The Auld Alliance (Scots) (French: Vieille Alliance) was an alliance between the kingdoms of Scotland and France. It played a significant role in the relations between Scotland, France and England from its beginning in 1295 until the 1560 Treaty of Edinburgh. The alliance was renewed by all the French and Scottish monarchs of that period except for Louis XI. By the late 14th century, the renewal occurred regardless of whether either kingdom was involved in a conflict with England.
The alliance dates from the treaty signed by John Balliol and Philip IV of France in 1295 against Edward I of England. The terms of the treaty stipulated that if either country was attacked by England, the other country would invade English territory, as became evident at the Battle of Flodden Field, 1513. The alliance played an important role in conflicts between both countries and England, such as the Wars of Scottish Independence, the Hundred Years’ War, the War of the League of Cambrai and the Rough Wooing.
French and Scottish forces together won against the English at the Battle of Baugé in 1421. As it marked the turning point of the Hundred Years War, the significance of this battle was great. However, their victory was a short-lived one: at Verneuil in 1424, the Scots army was defeated. Despite this defeat, the Scots had given France a valuable breathing space, effectively saving the country from English domination.
In addition, in 1429 Scots came to the aid of Joan of Arc in her famous relief of Orléans. Scottish soldiers also served in the Garde Écossaise, the loyal bodyguard of the French monarchy. Many Scottish mercenaries chose to settle in France. Some were granted lands and titles in France. In the 15th and 16th centuries, they became naturalised French subjects.
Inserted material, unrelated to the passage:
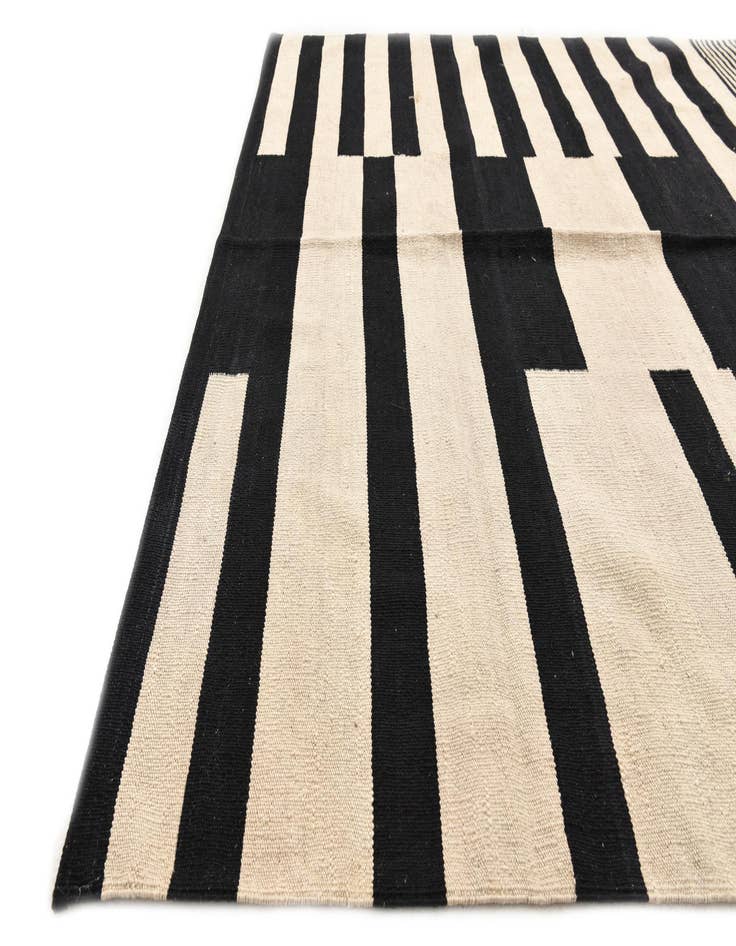 Detail image of  5' 8 x 7' 9  Hand Woven Kilim Modern Wool Rug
In a speech which he delivered in Edinburgh in June 1942, Charles de Gaulle described the alliance between Scotland and France as “the oldest alliance in the world”. He also declared that:
In every combat where for five centuries the destiny of France was at stake, there were always men of Scotland to fight side by side with men of France, and what Frenchmen feel is that no people has ever been more generous than yours with its friendship.
In 1995, celebrations were held in both countries for the 700th anniversary of the beginning of the alliance.
In 2011, British historian Dr Siobhan Talbott published the result of her research on this matter and concluded accordingly that the Auld Alliance is actually unrevoked after all.